Please give back exactly the line with "Snorlax V (Full" and each line after it through the end of the material, leaving out the pictures.

EXERCISE DATA ▸
::::::::::

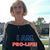 Rodina Carver Bolick's profile image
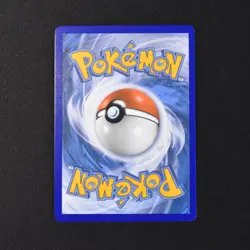 Snorlax V (Full Art) - 197/202 - SWSH01: Sword & Shield Base Set Pokemon Card - Image 2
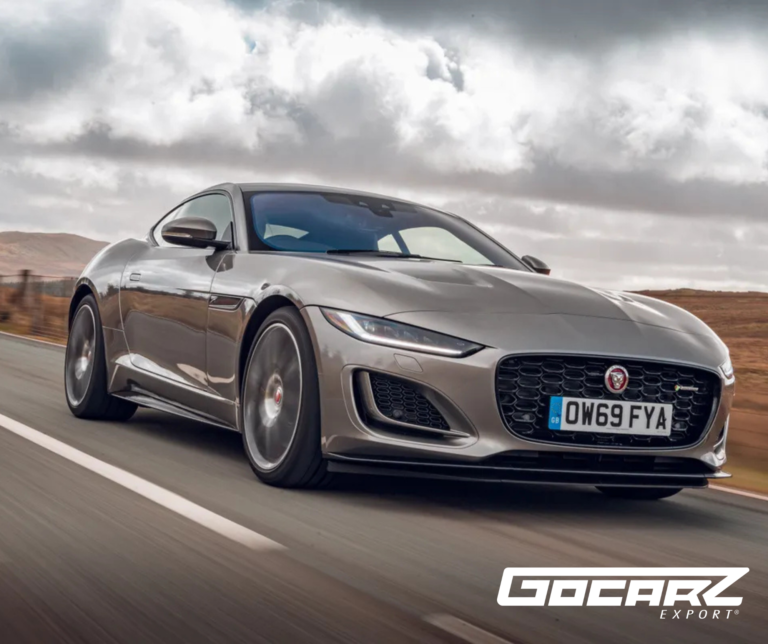 L&rsquo;import RHD pour votre prochain achat ?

::::::::::

TASK RESULT ▸
 Snorlax V (Full Art) - 197/202 - SWSH01: Sword & Shield Base Set Pokemon Card - Image 2
 L&rsquo;import RHD pour votre prochain achat ?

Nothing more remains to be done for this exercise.